AR Summit Round-Up: Proper Use Cases and Smart-Glassy Visions

I had the delight of attending at this year’s Augmented Reality Summit yesterday, presenting on the findings of our latest AR research and getting the latest insights from a good mix of technical and commercial experts. In general, I’d say that AR is coming of age in the sense that in get-togethers like this you’re starting to hear more commentary and opinions about what sorts of use cases actually make sense in real life. In the industry briefings and discussions I had, for instance, some two years ago, the focus was more about the technical enablement and the applications themselves weren’t really a concern. Being cool and new was enough.

Granted, there’s still quite a lot of AR stuff done where the only value is novelty value, but that’s also because it is attracting so many new developers who (or whose clients) are simply testing the waters and figuring out what might work. At the same time, you can however see many applications being built because the actual idea behind them is just compelling. Some of the winners of the event’s adjacent award ceremony serve as good examples:

 

  • Fuzzy Logic was picked for the Best Developer award, for its portfolio of several extensive mobile games that leverage AR. Note that these are standalone games and not just titles commissioned by brands for marketing campaigns.
  • Zappar’s Easter bunny “retail-tainment” campaign with ASDA was selected as the best practical case study, not least because of the metrics it achieved. In one day across 300 stores, the AR-powered bunny hunt got 15,000 customers engaged with a total of 32,000 interactions, with each interaction lasting 90 seconds.
  • Apache Solutions, whose Become Iron Man project for Disney was awarded as the most innovative use of AR. I didn’t get to try it once it ran in the UK, but it does look like a pretty engaging use of Augmented (and Virtual) Reality, based on Kinect’s gesture recognition tech.

 

So on the level of use cases there’s definitely a shift going on from fizzy aperitifs to something more savoury. It may not be long before “AR apps” aren’t discussed any more than “touchscreen apps” or “voice calls”. AR is a very horizontal concept, which can be used in a countless number of ways, so it shouldn’t take that long until the term itself starts fading to the conceptual background.

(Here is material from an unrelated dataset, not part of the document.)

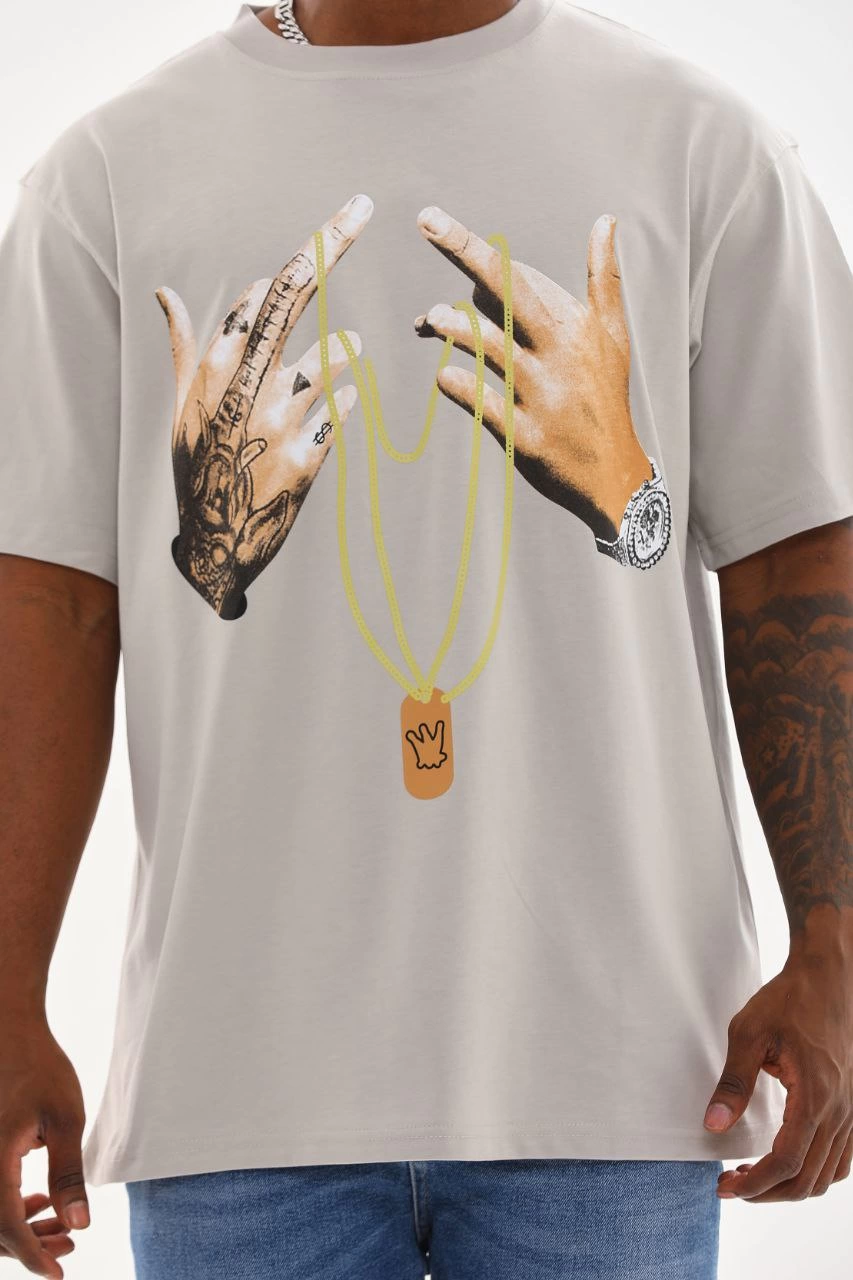 Erkek Baskılı T-Shirt Kısa Kol Bisiklet Yaka Rahat Kalıp Tişört – Gri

Finally, smart eyewear – not terribly surprisingly, thanks to Google Glass – was obviously the hottest of yesterday’s events more future-oriented topics. On that front, there was a wide consensus that it’s a product segment that will diffuse through the enterprise space, where it's already seeing traction with players like Vuzix. Logistics, engineering, and healthcare are all areas where the benefits of receiving hands-free, HUD-viewed notifications and information has tangible productivity benefits. In the consumer sector, the same technical inhibitors that we pointed out last year still apply, and besides them there are also serious security and privacy concerns to address.

 

I, for one, have also become quite vehemently convinced that the issues of information overload and inattentional blindess (both of which are very laudably summed up e.g. in this article) is so fundamental that it’ll take major advances in areas like sensor fusion, contextual awareness, and machine learning before the smart eyewear is a viable proposition in the wild, outside of contained enterprise environments. We’re talking about a user interface that is so intimate, so (concretely) in-your-face that, when unfiltered, it has the potential to get the users fed up with up in record time. That’s why it won’t be a good fit for many environments. But that shouldn’t surprise anyone – for we still send messages when we could have a voice call, and have a voice call when we could have a video call. (And I acknowledge that it hereby took me two paragraphs to contradict my earlier point about the “voice calls”. Happy now?)